As Artificial Intelligence (AI) makes huge advances in its ability to closely mimic human intelligence like writing texts, creating images, talking and communicating like real people, the questions of trustworthiness of the algorithms have started to come up.
Generative Adversarial Networks (GAN) can create real fakes that are so real that it is making people believe in the most bizarre videos. Advances in Generative Pre-trained Transformer 3 (GPT-3), an auto regressive language model that uses deep learning to produce human-like text, is so impressive that it looks genuinely written by a human. Unfortunately, although these GPT models excel at writing natural-sounding text, they are not equipped to write text that is factual.

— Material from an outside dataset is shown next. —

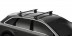 Thule Wingbar Evo Black | Porsche Cayenne III SUV 2018-    I Bagażnik dachowy belki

Advanced language models pick up those words that would best match the context at hand and string them together to form meaningful sentences. However, the models will not – and cannot – ensure the authenticity of the meaning that the generated text conveys. But now, a start-upnamed Diffbot is attempting to address this issue. It collects massive amounts of texts from the Internet and pieces together information to construct a factual statement. For this, the AI extracts as many facts as it can dig up from the internet.In the process, Diffbot is building the biggest-ever knowledge graph by applying image recognition and natural-language processing to billions of web pages.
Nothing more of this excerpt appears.